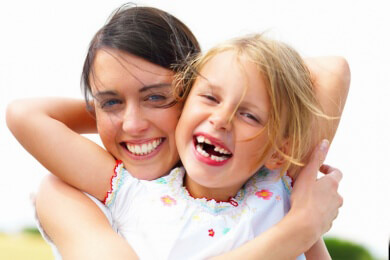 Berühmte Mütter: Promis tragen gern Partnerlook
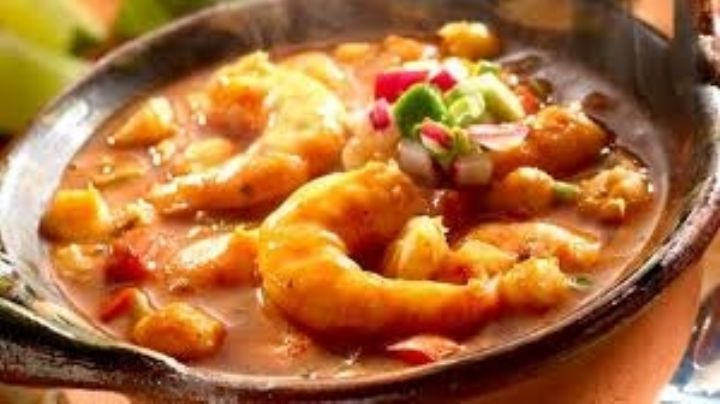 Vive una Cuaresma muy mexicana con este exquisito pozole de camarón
---
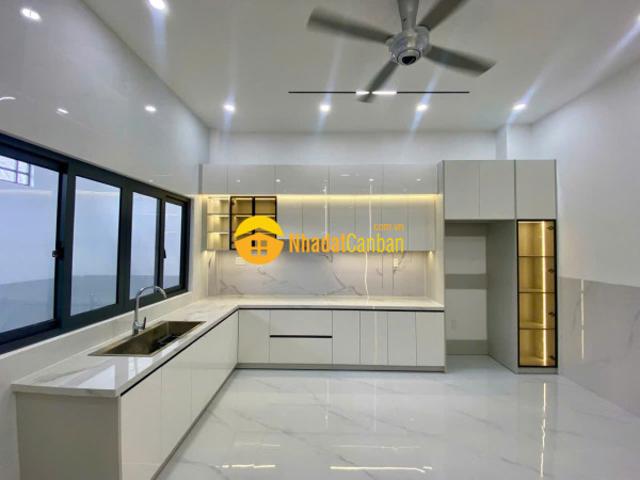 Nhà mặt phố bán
...
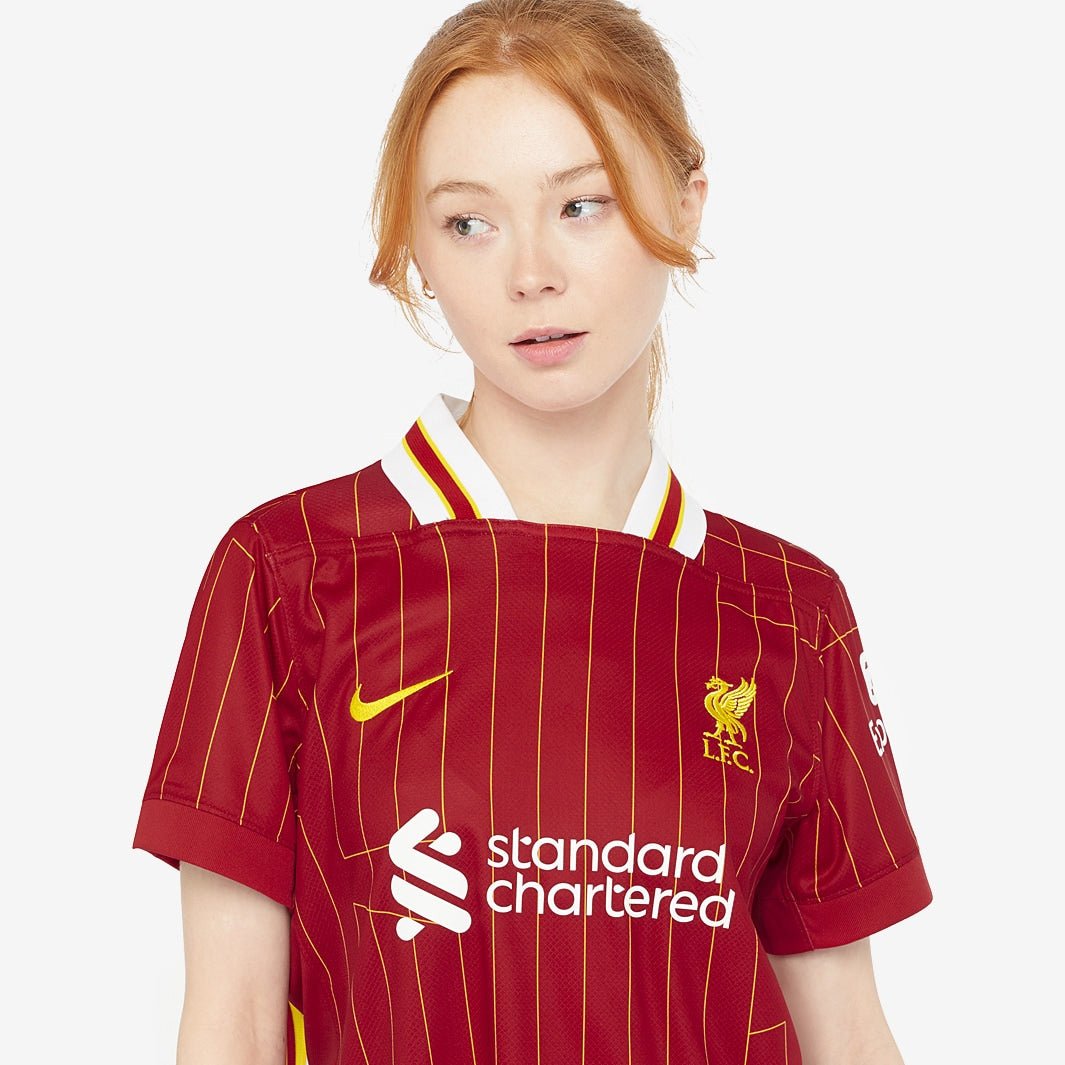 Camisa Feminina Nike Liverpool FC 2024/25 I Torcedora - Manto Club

## WORK TO BE COMPLETED:
Within the listing above, write out the stretch from the line with "Berühmte Mütter: Promis" through the line with "Vive una Cuaresma" exactly. Any pictures are to be left out.

## RESPONSE TO THIS EXERCISE:
 Berühmte Mütter: Promis tragen gern Partnerlook
 Vive una Cuaresma muy mexicana con este exquisito pozole de camarón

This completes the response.